__EXERCISE AIM__:
Wherever an image appears in the data, omit it and copy all the remaining text word for word.
(PROVIDED DATA)
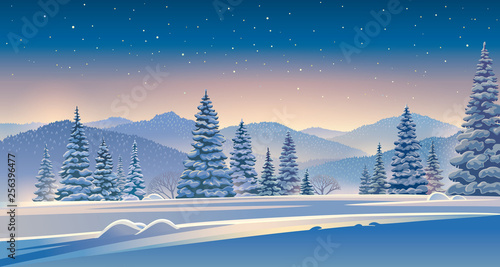Winter evening landscape with mountains and snow-covered trees in the foreground.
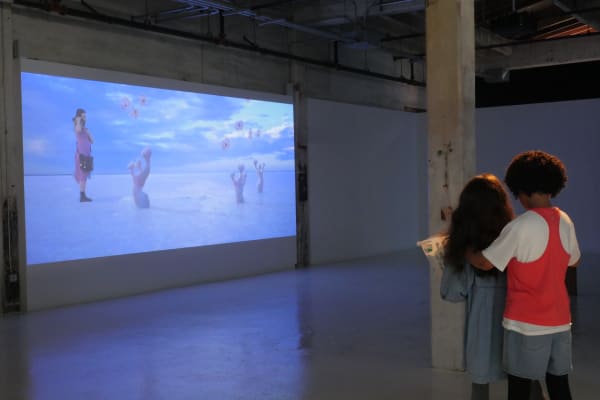 A sculpture of two girls holding a laundry basket faces a projected screen showing a girl walking through a salt field with blue sky and alien plants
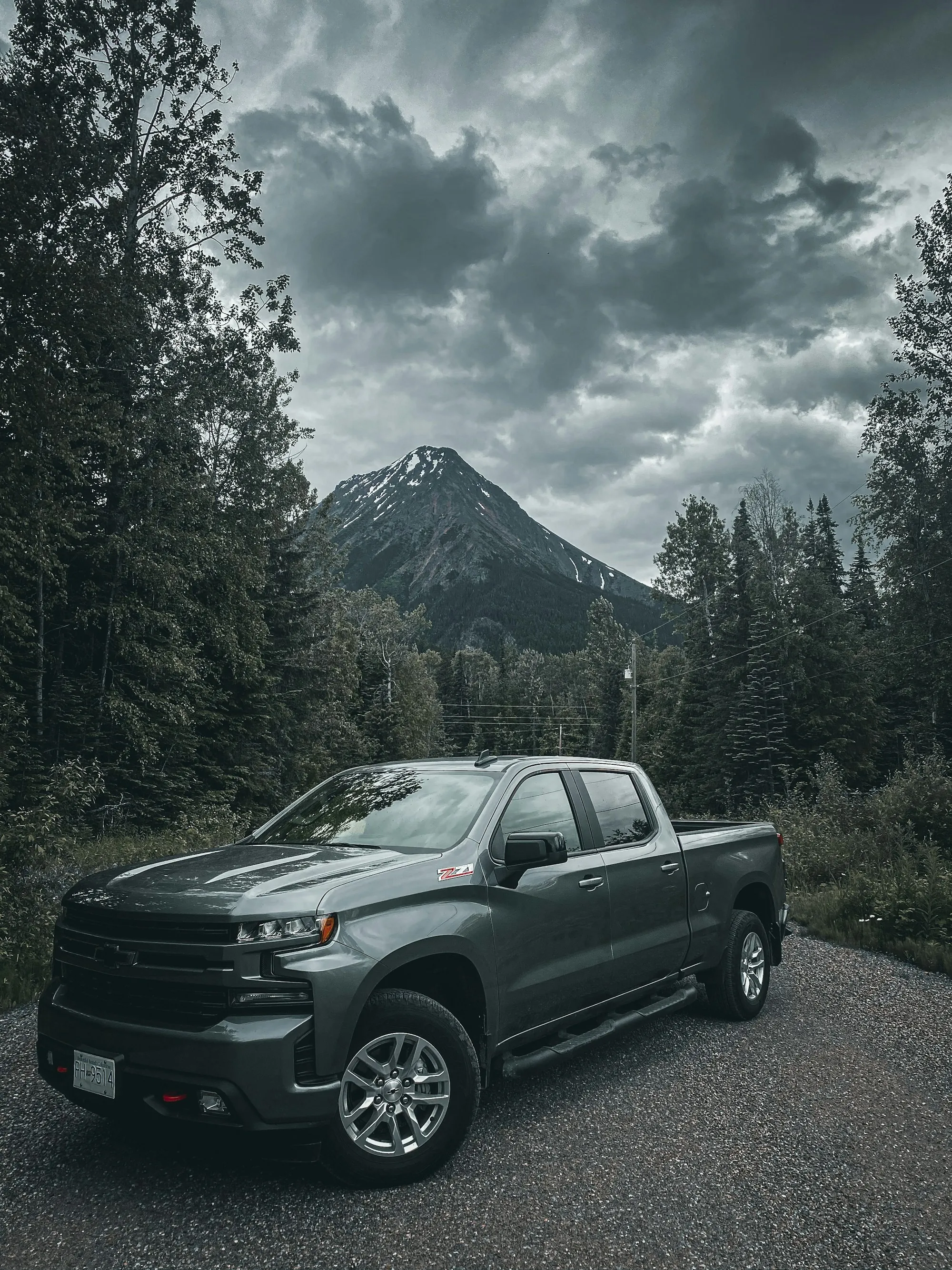 Dark pickup truck parked on a forest road in the mountains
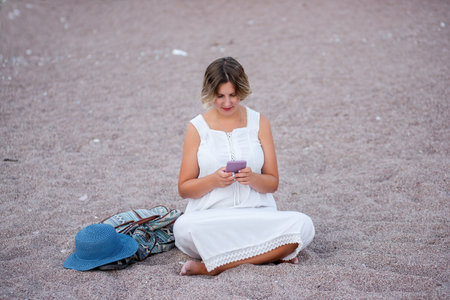 Middle age pregnant woman in white sundress sits in lotus position on the sand by the sea, talking on smartphone. Traveler with backpack, hat. Lifestyle pregnancy tourism concept. Social mediaの写真素材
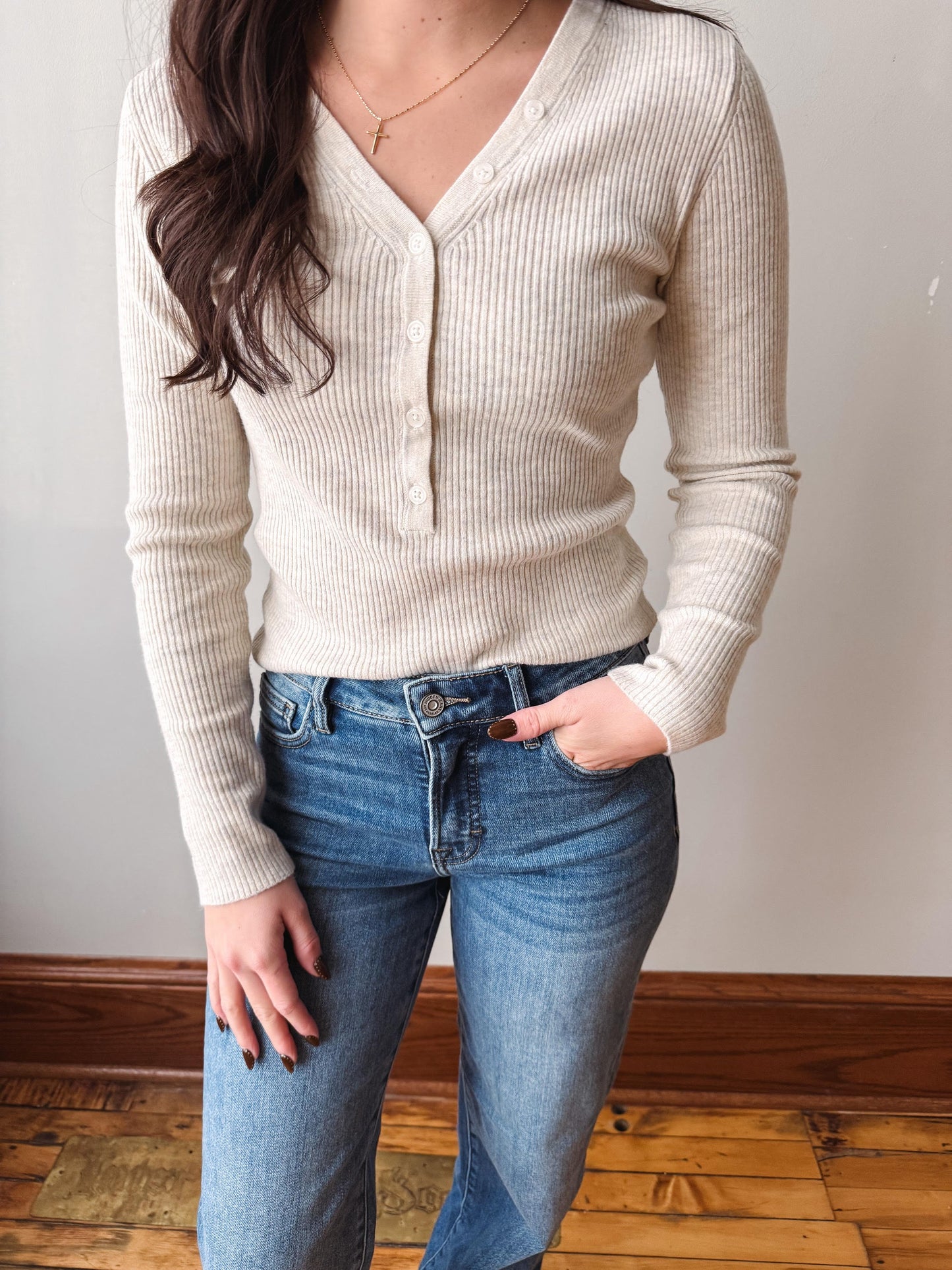 A woman wearing a cream ribbed long-sleeve button-front cardigan sweater and blue jeans, standing indoors against a light wall with a wood floor visible.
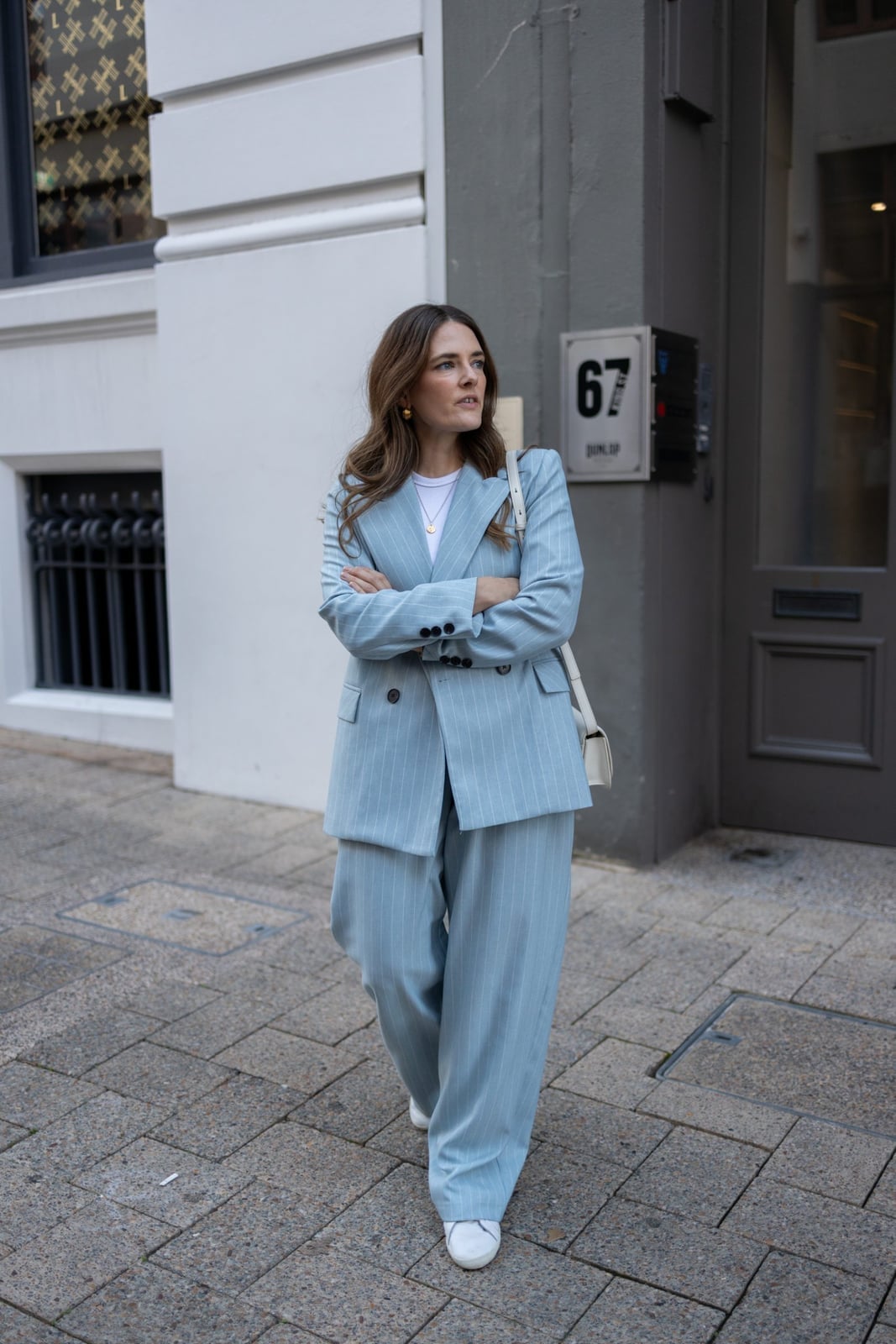 Light Blue Pinstripe Wide-Leg Suit Trousers with a White T-Shirt — Classy Blue Pants Outfits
(End PROVIDED DATA)
__SOLUTION FOR THIS EXERCISE__:
Winter evening landscape with mountains and snow-covered trees in the foreground.
 A sculpture of two girls holding a laundry basket faces a projected screen showing a girl walking through a salt field with blue sky and alien plants
 Dark pickup truck parked on a forest road in the mountains
 Middle age pregnant woman in white sundress sits in lotus position on the sand by the sea, talking on smartphone. Traveler with backpack, hat. Lifestyle pregnancy tourism concept. Social mediaの写真素材
 A woman wearing a cream ribbed long-sleeve button-front cardigan sweater and blue jeans, standing indoors against a light wall with a wood floor visible.
 Light Blue Pinstripe Wide-Leg Suit Trousers with a White T-Shirt — Classy Blue Pants Outfits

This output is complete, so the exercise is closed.